Because of his declining health, Appling was ultimately able to accomplish only the first part of his dream: over a two year period from 2006-2007, he recorded all of Joplin's piano compositions for solo piano, (with the exception of those that were co-written with other composers) a total of 46 works. Seven of the Joplin recordings were released on an Albany Records CD in 2010, William Appling Plays Scott Joplin and J.S. Bach, which also included two major keyboard works by Bach, the Partita No. 1 in B-flat, and the Italian Concerto.
At the time of his death in 2008, William Appling had recorded the remaining 39 pieces, but none to his total satisfaction. With failing health and knowing that extensive editing of the hundreds of takes would be required, Appling was prompted to secure commitments from George Faddoul and William McClelland to finish the recordings.

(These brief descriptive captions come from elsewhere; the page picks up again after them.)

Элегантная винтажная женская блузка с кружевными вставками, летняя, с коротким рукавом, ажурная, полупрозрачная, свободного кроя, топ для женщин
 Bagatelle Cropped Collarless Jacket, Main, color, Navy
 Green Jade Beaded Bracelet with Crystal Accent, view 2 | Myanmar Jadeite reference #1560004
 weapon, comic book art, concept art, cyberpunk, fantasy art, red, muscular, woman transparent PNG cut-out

Understanding the importance of this project both to William Appling and to the music of Scott Joplin, the Board of William Appling Singers & Orchestra committed itself to making sure that the remaining 39 Joplin recordings would be edited and published. Soon after their 2009 event in his memory at Riverside Church, Celebrating William Appling, the WASO Board announced the William Appling - Scott Joplin Project to raise the necessary funds to pay for the editing, production, and eventual release of the Joplin recordings.
The editing and mastering of all 46 recordings is finished. Using a sophisticated music software program, George and William have been able to take the various versions of each piece and create a single and nearly flawless performance. For some recordings, which were in a fairly rough state, this has required many hours of work, although we feel the finished products are very close to Appling’s conception.